Let $A$ be a fixed point on the circle. We will represent points on the circle by their clockwise angle from $A$, in the range $[0,2\pi )$. A chord on the circle connecting points $p$ and $q$ is denoted by $(p,q)$. The chords are supplied as a list $L=[(a_1,b_1),(a_2,b_2),\dots ,(a_n,b_n)]$. The list is preprocessed such that $a_i<b_i$ for each $i$ and $a_1<a_2<\cdots <a_n$, which can be done in $O(n\log n)$ time. For a chord $(p,q)$, we distinguish between its start point $p$ and its end point $q$.

$\text{FindIntersections}(L)$ accepts a preprocessed list of chords $L=[(a_1,b_1),(a_2,b_2),\dots ,(a_n,b_n)]$ and returns $(count,S)$, where $count$ is the number of intersections between the chords listed in $L$ and $S$ is $L$ sorted by its second coordinate.

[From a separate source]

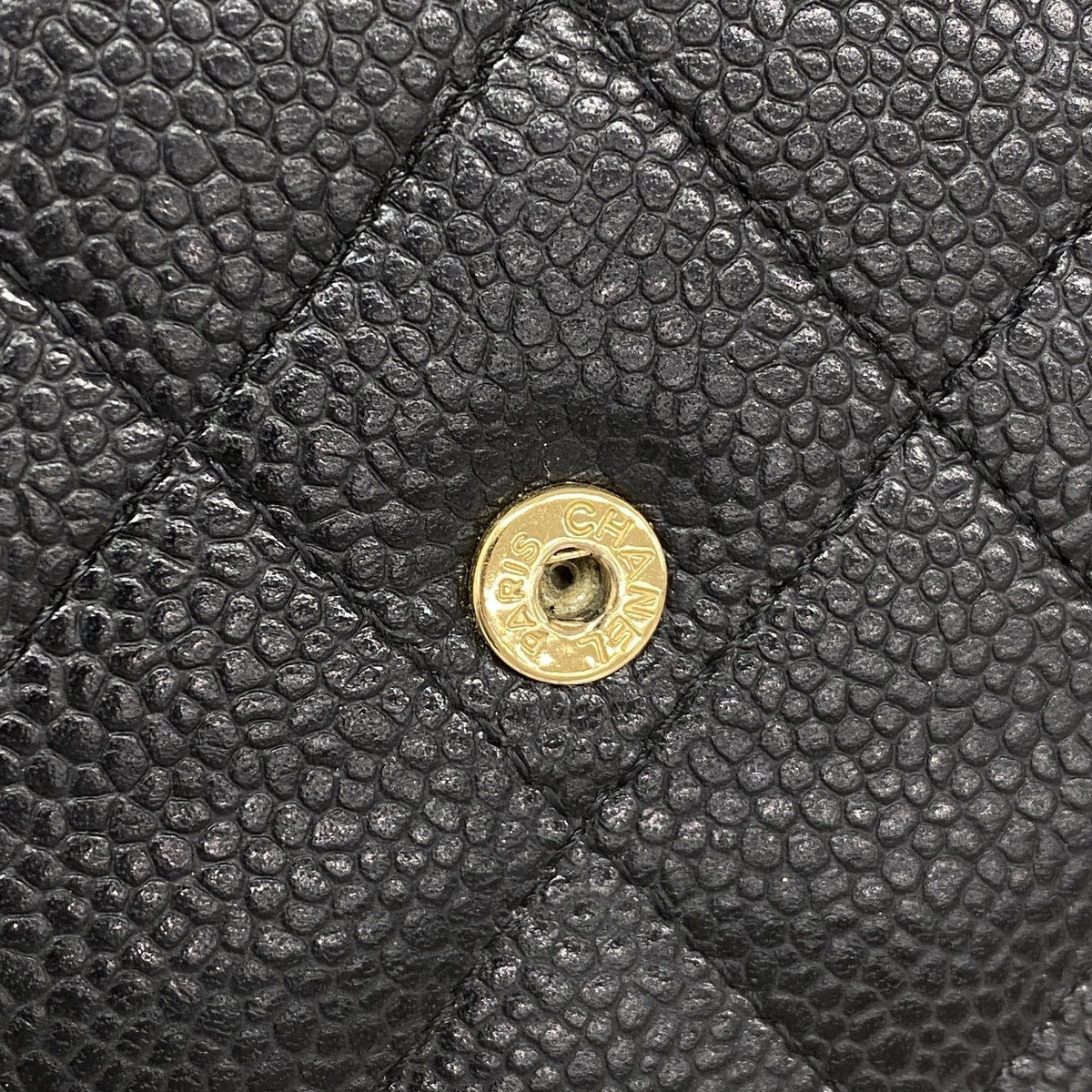【6ie6727】シャネル 長財布 マトラッセ キャビアスキン ブラック ゴールド金具【中古】レディース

$$\begin{array}{rl}& \text{FindIntersections}(L):\\ & \\ & \text{if }|L|=1:\text{return }(0,\text{map}(\text{snd},L))\\ & \\ & (L_1,L_2)\leftarrow \text{Split}(L,|L|/2)\\ & (n_1,S_1)\leftarrow \text{FindIntersections}(L_1)\\ & (n_2,S_2)\leftarrow \text{FindIntersections}(L_2)\\ & M\leftarrow \text{Merge}(\text{map}(\text{fst},L_2),S_1,S_2)\\ & \\ & count\leftarrow 0,depth\leftarrow 0\\ & \text{for }m\in M:\\ & \text{if }m\in \text{map}(\text{fst},L_2):depth=depth+1\\ & \text{else if }m\in S_2:depth\leftarrow depth-1\\ & \text{else if }m\in S_1:count\leftarrow count+depth\\ & \text{return }(n_1+n_2+count,\text{Merge}(S_1,S_2))\end{array}$$

$\text{map}(\text{fst}(L_2))$ projects the tuples in $L_2$ to their start points: $\text{map}(\text{fst},[(a_1,b_1),(a_2,b_2),\dots ,(a_n,b_n)])=[a_1,a_2,\dots ,a_n]$.

Analysis

$\text{FindIntersections}(L)$ makes two recursive calls with inputs of size $|L|/2$, and spends $O(n)$ time doing non-recursive work: merging is $O(n)$, and the membership tests in the for loop can be achieved in $O(1)$ time by flagging the elements of $S_1$, $S_2$, and $\text{map}(\text{fst}(L_2))$ with markers prior to merging. Thus, the algorithm runs in $O(n\log n)$ time.

Correctness

The algorithm is trivially correct for $n=1$. For $k>1$, suppose the algorithm is correct for all $n<k$. Then, the algorithm correctly computes $n_1$ and $n_2$, which are the number of pairs of intersecting chords such that both of them lie in $L_1$ and $L_2$ respectively. It remains to compute the number of intersecting pairs where one chord lies in $L_1$ and the other lies in $L_2$. Suppose $(a,b)\in L_1$ and $(c,d)\in L_2$ are two such chords. Given our preprocessing of $L$, this happens iff $a<c<b<d$. Thus, for each $(c,d)\in L_2$, it suffices to count the number of chords in $L_1$ which have their end point between $c$ and $d$. Equivalently, for each $(a,b)\in L_1$, we can count the number of $(c,d)\in L_2$ such that $c<b<d$. This is exactly what the for loop does.